- **WHAT YOU SHOULD DO**: Once the line holding "on their heights" is found, output it and all remaining lines of the data exactly, with every picture left out.

Extracted data entries:
+++

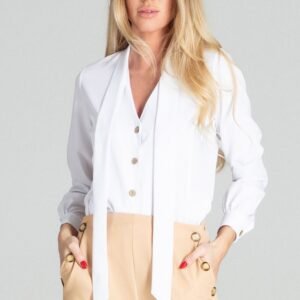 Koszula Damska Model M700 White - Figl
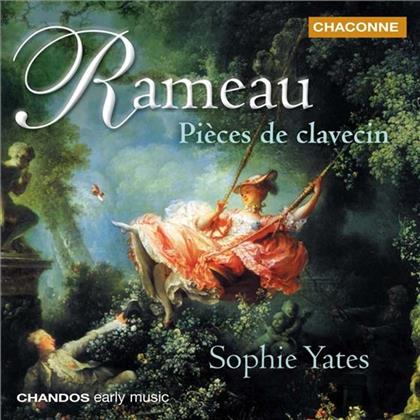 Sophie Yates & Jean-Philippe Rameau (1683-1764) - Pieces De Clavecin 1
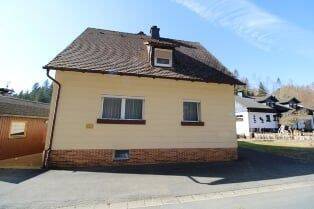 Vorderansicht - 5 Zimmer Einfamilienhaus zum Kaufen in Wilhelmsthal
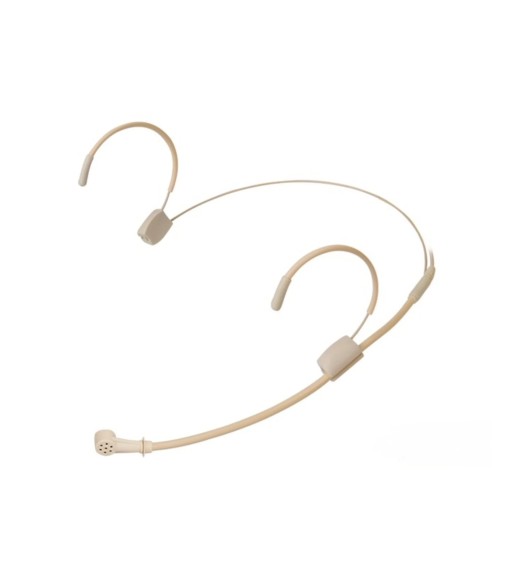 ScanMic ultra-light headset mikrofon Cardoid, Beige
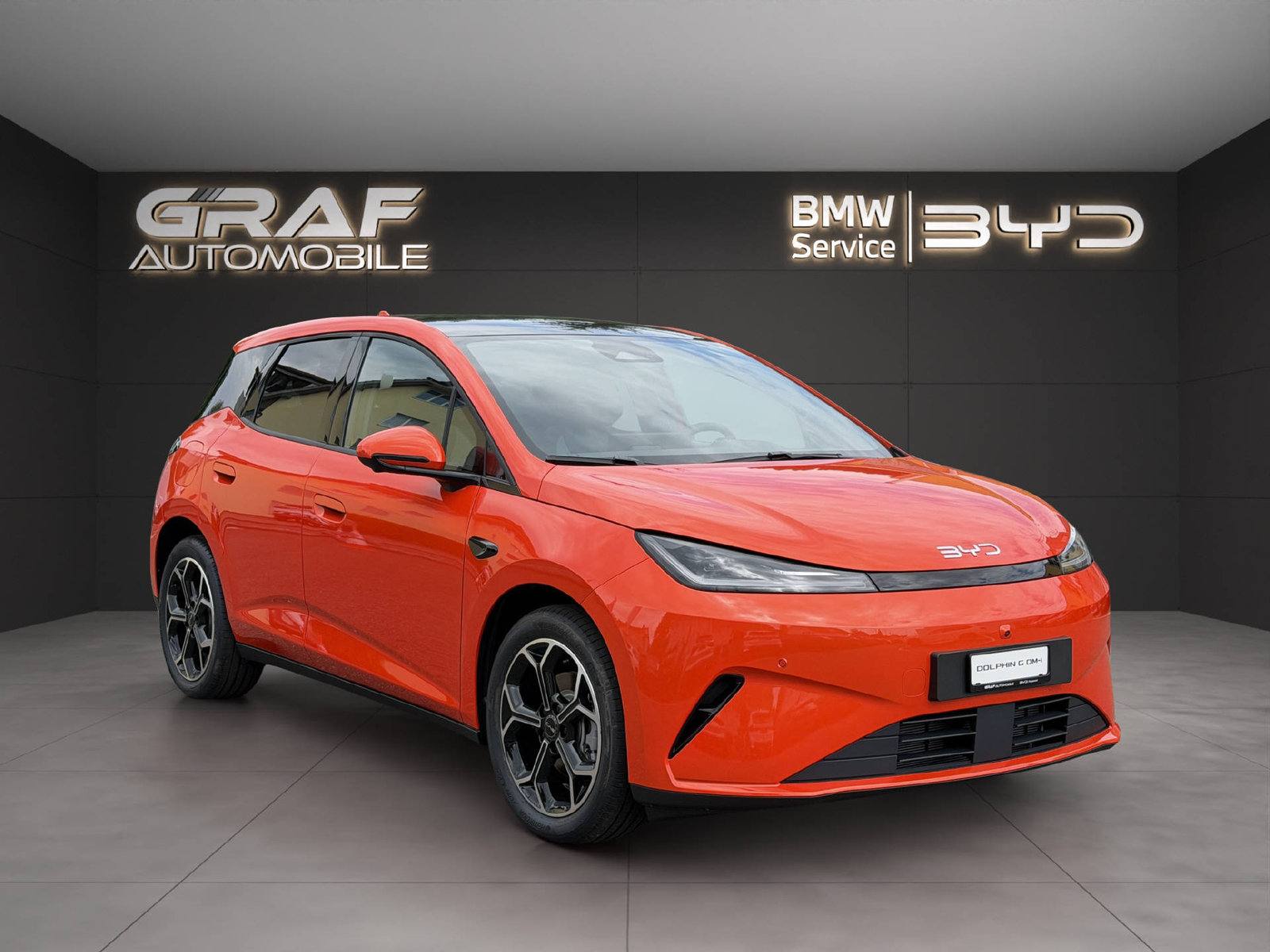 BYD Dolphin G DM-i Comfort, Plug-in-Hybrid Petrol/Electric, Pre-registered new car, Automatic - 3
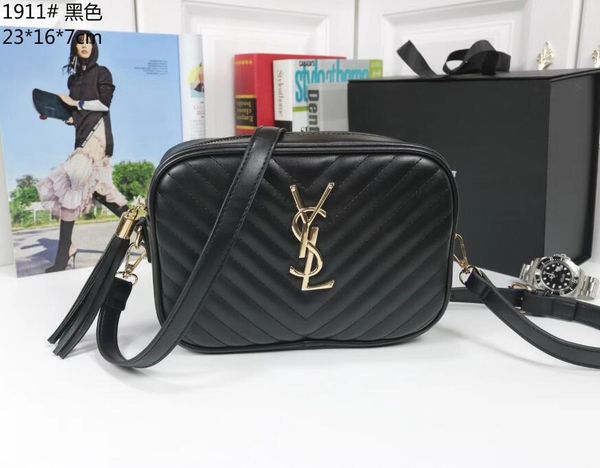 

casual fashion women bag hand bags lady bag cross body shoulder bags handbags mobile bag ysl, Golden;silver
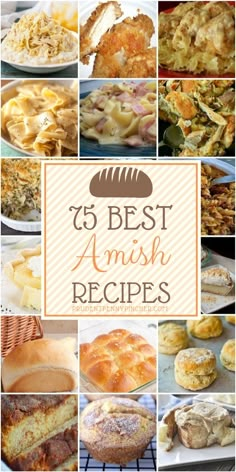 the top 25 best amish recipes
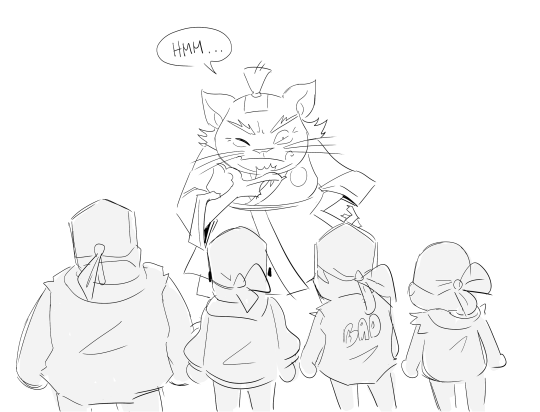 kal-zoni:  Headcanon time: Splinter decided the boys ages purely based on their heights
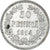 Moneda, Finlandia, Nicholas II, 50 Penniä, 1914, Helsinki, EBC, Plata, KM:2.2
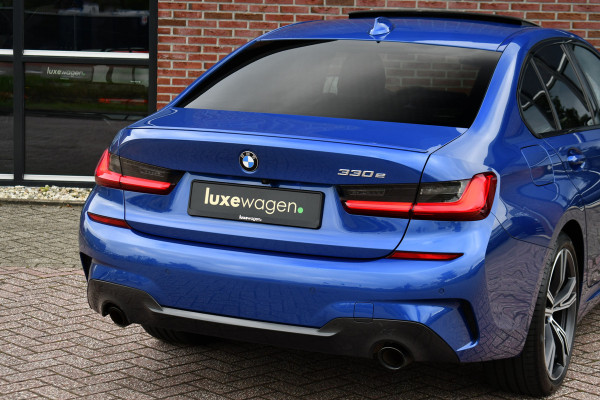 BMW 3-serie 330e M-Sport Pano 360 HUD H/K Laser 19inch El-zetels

+++

- **RESPONSE AREA**:
 kal-zoni:  Headcanon time: Splinter decided the boys ages purely based on their heights
 Moneda, Finlandia, Nicholas II, 50 Penniä, 1914, Helsinki, EBC, Plata, KM:2.2
 BMW 3-serie 330e M-Sport Pano 360 HUD H/K Laser 19inch El-zetels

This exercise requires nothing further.